Avoiding renewed arms races

By Tatiana Anichkina, September 25, 2014

Should arms control arrangements include limits on missile defense? They used to—under the 1972 Anti-Ballistic Missile Treaty. The treaty included limits only on strategic ballistic missile defense, not on regional or theater ballistic missile defense, but nonetheless it contributed to strategic stability. When the United States withdrew from the treaty in 2002, and began in 2004 to deploy missile defense capabilities that would not have been permitted before withdrawal, chances increased that a new nuclear arms race would emerge.

Since the termination of the treaty, Russia has embarked on a deep modernization of its own A-135 system for ballistic missile defense, presumably with a view to giving it a more layered structure. But Russia’s system is operational only around Moscow, and though it is capable of intercepting single or perhaps multiple ballistic missiles, it would be rather ineffective against a massive missile attack. Russia, unlike the United States, has no plans to extend its ballistic missile defense system worldwide.

The United States has already begun to deploy basic elements of what might become a global missile defense system. These include a variety of means for intercepting intercontinental ballistic missiles, submarine-launched ballistic missiles, and long-range air-launched cruise missiles—as well as medium- and short-range ballistic missiles. The US system’s capabilities are still limited. But if the number of interceptors were increased, and their performance were enhanced, significant challenges would be posed for international stability and security.

Regional powers, notably Russia and China, are deeply concerned by US plans to deploy elements of missile defense systems in locations around the world. For instance, George W. Bush’s plans to create a "third site" in Poland and the Czech Republic threatened to create a crisis in US-Russia relations. The crisis was averted only when the Obama administration abandoned Bush’s plans in 2009, opting instead to pursue a "phased adaptive approach"—basically, countering known missile threats through existing means while also pursuing new technologies to counter threats that might develop in the future. Still, Moscow believes that Europe-based elements of the US missile defense system are directed against Russia, even if Washington denies it. Russia’s concerns have not been alleviated by recent reports that some NATO countries are calling for the European missile defense system to be formally directed against Moscow.

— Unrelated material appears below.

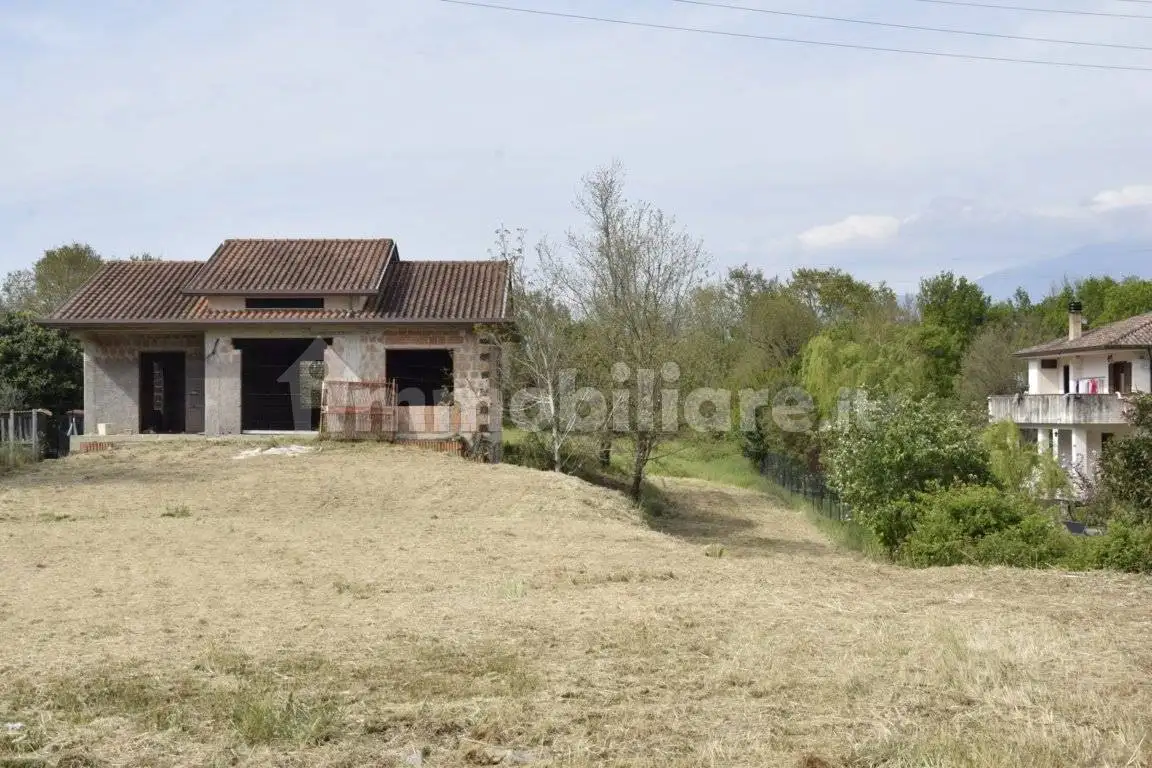 Villa unifamiliare via Campogrande, Esperia - foto 2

It appears that the United States may also establish a regional missile defense system in Asia—an Asia-Pacific Phased Adaptive Approach—which would entail cooperation from Japan, South Korea, and other countries in the region. It would be a layered system whose first tier would include offshore combat ships armed to intercept ballistic missiles at the boost stage, or early in the midcourse of their flight trajectories. Ground-based systems would provide a second tier. Officially, such a system would protect US and allied troops and military facilities in the Asia-Pacific region from ballistic missiles launched by states such as North Korea. But China views such plans with concern, and it would be no surprise if Beijing took countermeasures against the deployment of such a system. The region’s strategic balance would be upset under such a scenario, efforts to achieve arms reductions would be hindered, and an arms race would become more likely.

But the greatest threat associated with US ballistic missile defense would be posed by the deployment of space-based capabilities. If Washington makes a political decision to deploy space-based weapons to intercept ballistic missiles, the militarization of outer space would become inevitable. The international community would be forced to stop complying with the Outer Space Treaty. The resulting arms race in space would have unpredictable consequences and would undermine the foundations of strategic stability.

Few alternatives. Given all this, it is essential that limits be placed on ballistic missile defense within the framework of the international arms control regime. What alternatives to such an approach exist? Only two. First, missile defense could be transformed into a cooperative undertaking­—something that Russia has proposed to the United States repeatedly, but to no avail. Second, nuclear powers could engage in a renewed arms race. Russian experts are already arguing that, in response to the US deployment of a global missile defense system, Moscow should withdraw from the Intermediate-Range Nuclear Forces Treaty and resume production of intermediate and short-range ballistic and cruise missiles. (The US government, meanwhile, argues that Russia has already violated that treaty.)

Preventing the proliferation of nuclear weapons is among the top priorities on the international security agenda. It is high on the agendas of many individual countries as well. But enforcing the international nonproliferation regime will be difficult if the unrestricted development of missile defense systems leads nuclear weapon states to engage in a renewed arms race of their own. A first practical step toward averting this outcome would be to address missile defense in the next stage of US-Russia arms control negotiations.